## DIRECTIONS
The line with "RAN Antibody" and each line following it, up to the final line of the data, should be set down exactly; pictures stay out.

--- --- ---

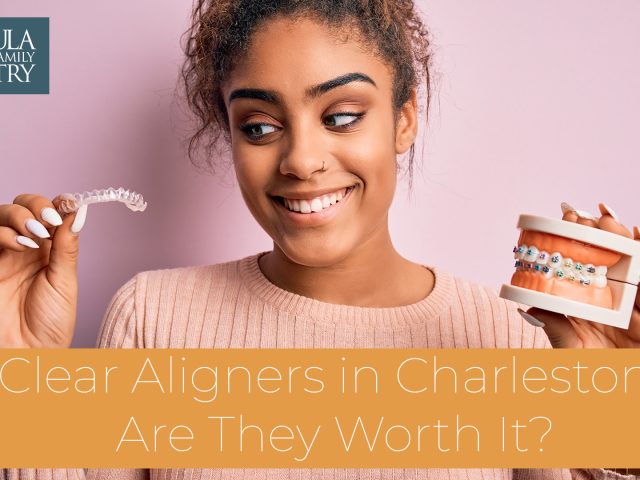 Clear Aligners in Charleston: Are They Worth It? (featured image)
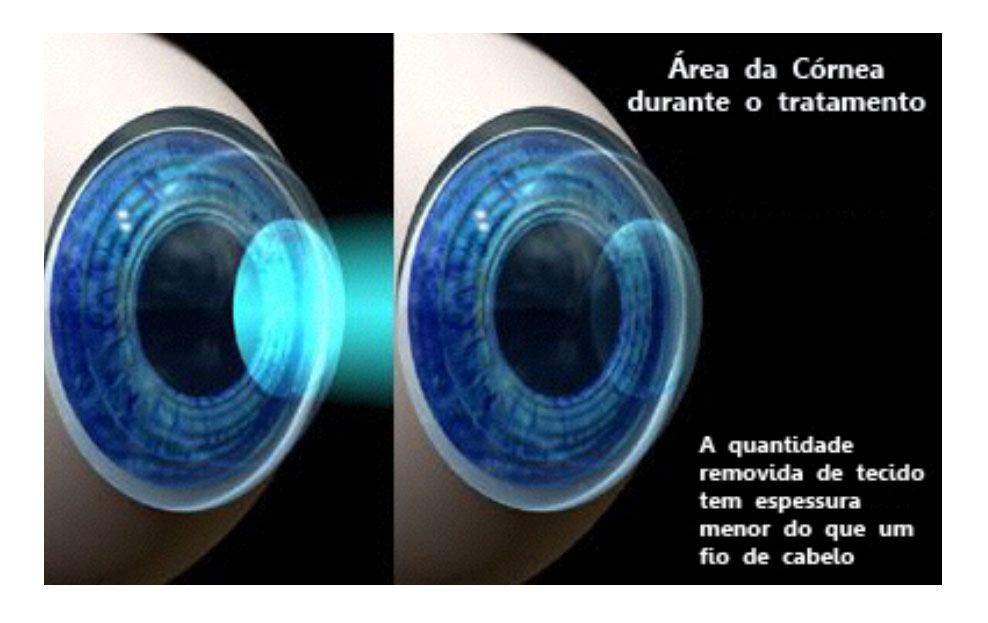 tratamento-da-cornea-sorocaba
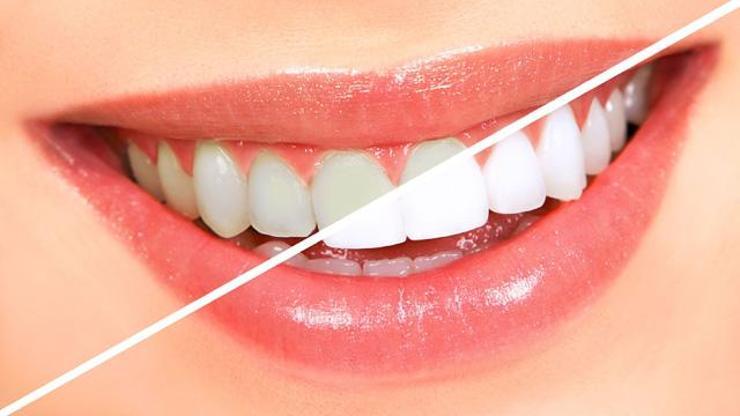 Diş beyazlatma nedir Yöntemleri nelerdir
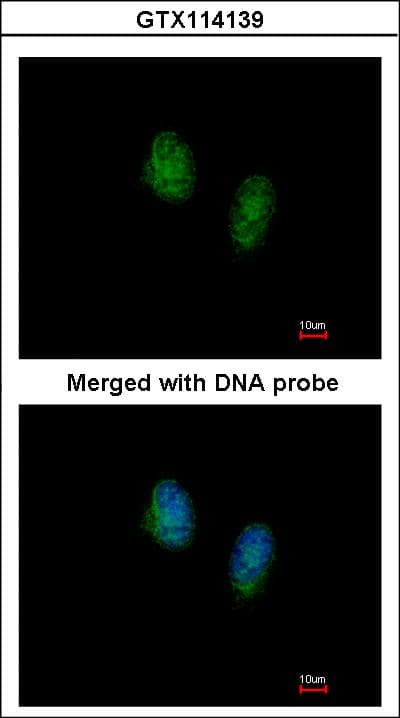 RAN Antibody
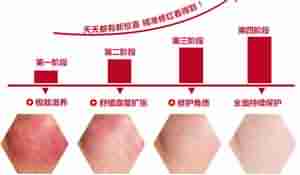 ������Ѫ˿ ѡ�����ݱ���-lni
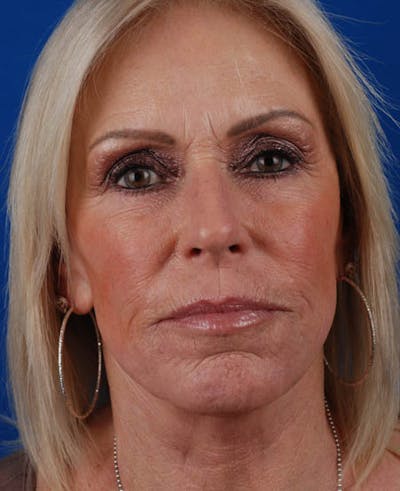 Facelift Before & After Gallery - Patient 12974007 - Image 2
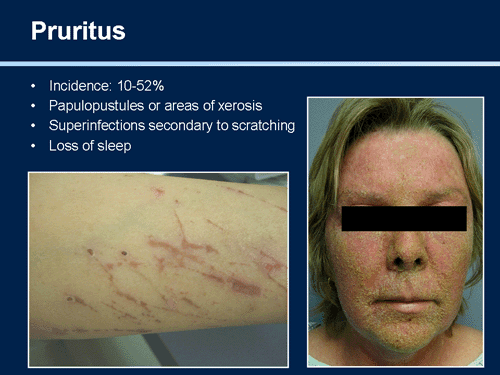 Egfr Rash Face Management of Dermatologic and Other Toxicities Associated With EGFR ...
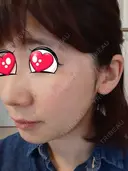 光治療（フォトフェイシャルなど） BMC CLINIC 南青山 DAY 49 サムネイル用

--- --- ---

## TASK SOLUTION
 RAN Antibody
 ������Ѫ˿ ѡ�����ݱ���-lni
 Facelift Before & After Gallery - Patient 12974007 - Image 2
 Egfr Rash Face Management of Dermatologic and Other Toxicities Associated With EGFR ...
 光治療（フォトフェイシャルなど） BMC CLINIC 南青山 DAY 49 サムネイル用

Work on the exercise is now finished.